И Анри вышел, чтобы укрыть свору собак от бури.
В самом деле, ночь наступила с необыкновенной быстротой, небо покрылось громадными черными тучами, время от времени налетали порывы ветра, и от них сотрясался дом; потом наступал покой, но этот гнетущий покой был похож на агонию задыхающейся природы. Сара посмотрела на двор и увидела, что манговые деревья дрожат, словно они способны чувствовать и предвидят борьбу, которая начнется между ветром, землей и небом, а китайская сирень печально опускает свои цветы к земле. При виде этого девушку охватил ужас; она сложила руки и прошептала:
— О Боже мой, Господи! Спаси его.
В эту минуту Сара услышала голос своего дяди, звавшего ее. Она открыла дверь.

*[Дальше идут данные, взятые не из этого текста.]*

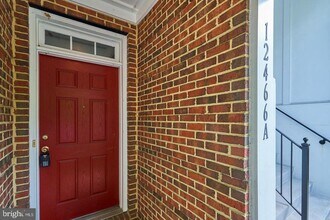 12466 Liberty Bridge Rd in Fairfax, VA - Building Photo - Building Photo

— Сара, дитя мое, — сказал г-н де Мальмеди, — Сара, идите сюда, вам небезопасно в павильоне.
— Иду, дядя, — сказала девушка, запирая дверь и унося с собой ключ: она боялась, что кто-нибудь войдет туда в ее отсутствие.

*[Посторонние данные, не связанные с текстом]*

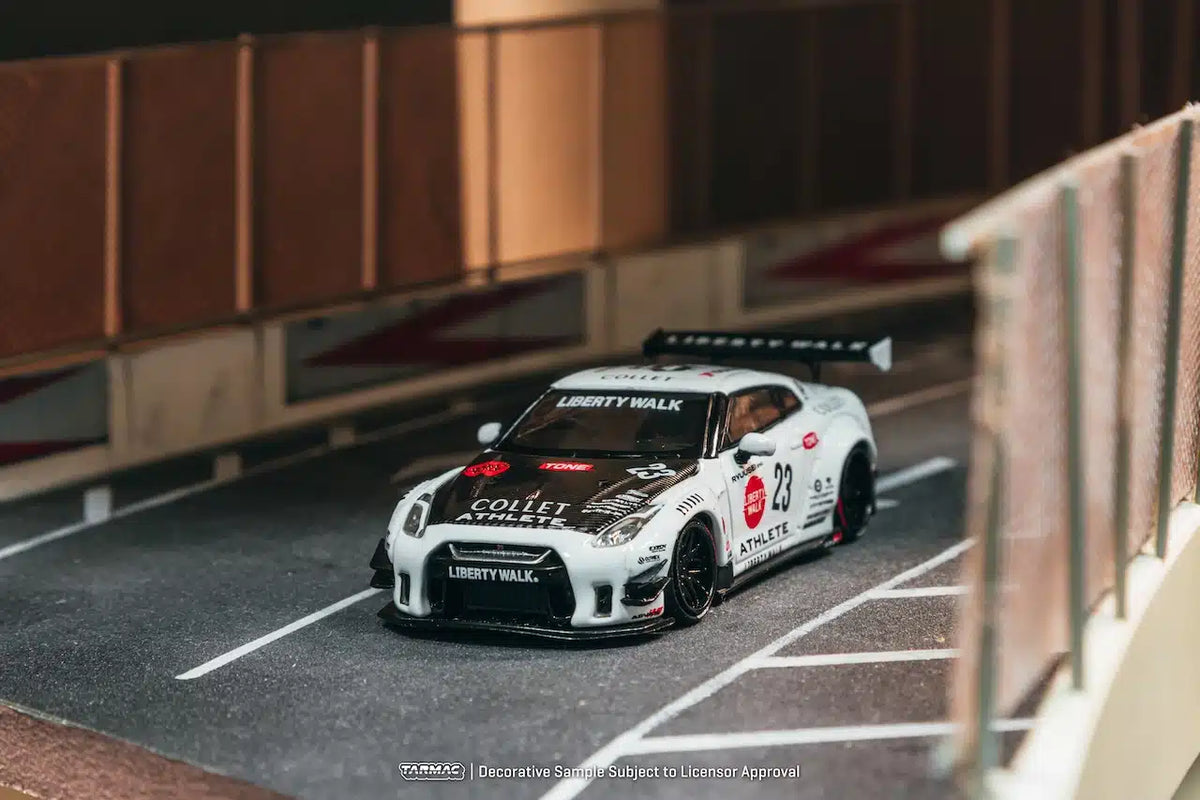 LB-WORKS Nissan GT-R R35 type 2 White With Metal Oil Can Packaging - HOBBY64 - Tarmac Works - Scala 1/64 T64-090-WH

Но, вместо того чтобы присоединиться к Анри и его отцу, Сара вернулась к себе в спальню. Минуту спустя г-н де Мальмеди пришел посмотреть, что она делает. Она стояла на коленях перед распятием у подножия своей кровати.

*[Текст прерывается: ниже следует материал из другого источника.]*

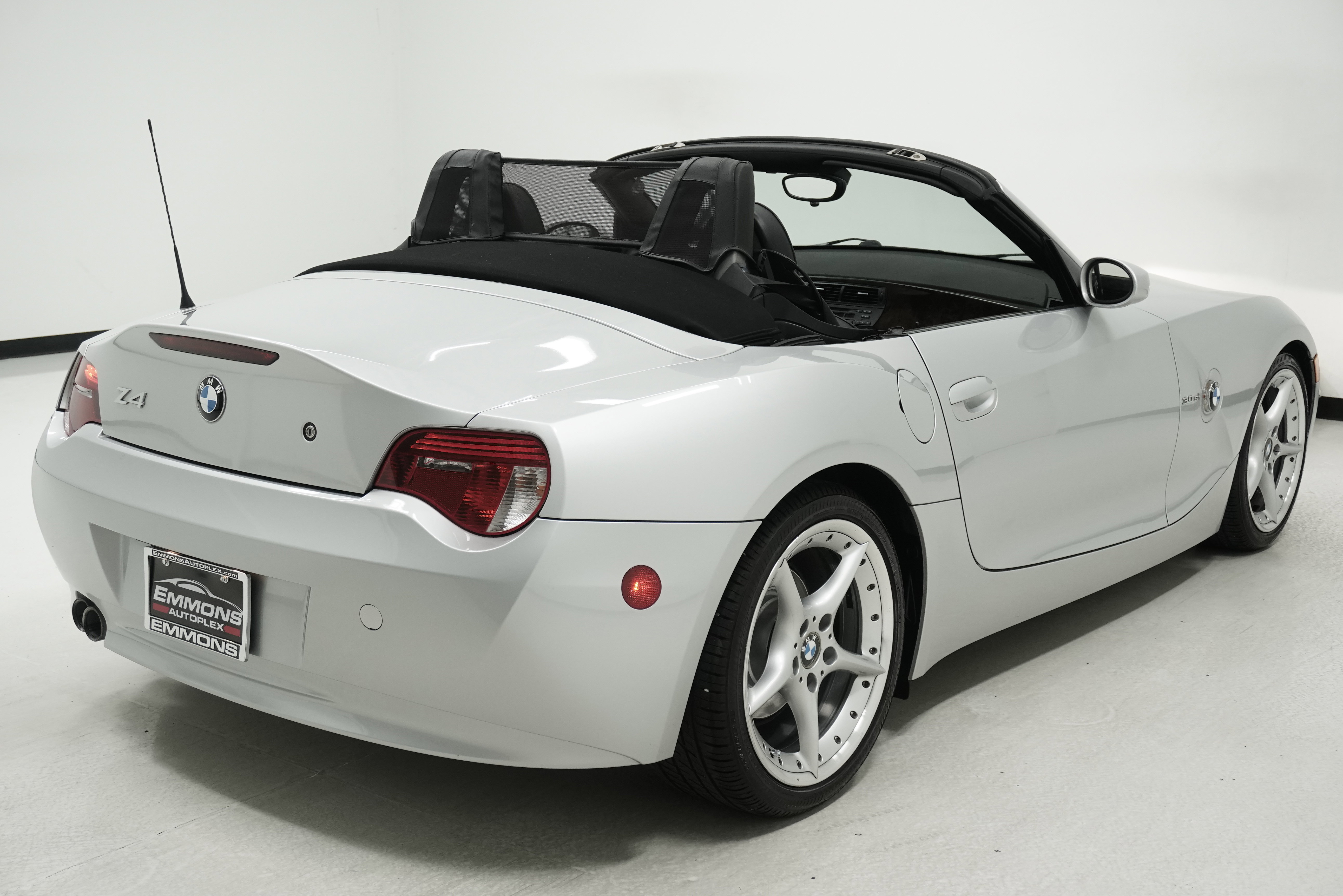 Used 2008 BMW Z4 3.0si image 9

— Что же вы здесь делаете и почему не идете пить чай с нами?
— Дядя, — ответила Сара, — я молюсь за путешественников.
— Черт побери, — воскликнул г-н де Мальмеди, — я уверен, что на всем острове не найдется такого безумца, чтобы пуститься в путь в подобную погоду!
— Дай-то Бог, дядюшка, — сказала Сара.
И она продолжала молиться.
В самом деле, не могло быть сомнения в том, что вот-вот произойдет событие, которое предсказал Жак с его верным чутьем моряка: один из этих ужасных ураганов, гроза колоний, надвигался на Иль-де-Франс.
Ночь, как мы уже сказали, наступила с устрашающей быстротой, но молнии сверкали так часто и так ярко, что темноту почти рассеял голубоватый мертвенный свет, придававший всем предметам землистый цвет тех угасших миров, которые Байрон заставил Каина посетить в сопровождении Сатаны. Каждый из коротких промежутков, когда молнии то и дело перемежались с мраком, царящим над землей, был заполнен тяжелыми ударами грома, который, казалось, зарождался за горами, скатывался по их склонам, поднимался над городом и терялся далеко за горизонтом. Потом широкие и мощные порывы ветра следовали за молнией, возникавшей в разных местах, и проносились, сгибая, как тонкие ивовые прутья, самые мощные деревья, которые выпрямлялись медленно и боязливо, жаловались и стонали под новыми, еще более сильными порывами.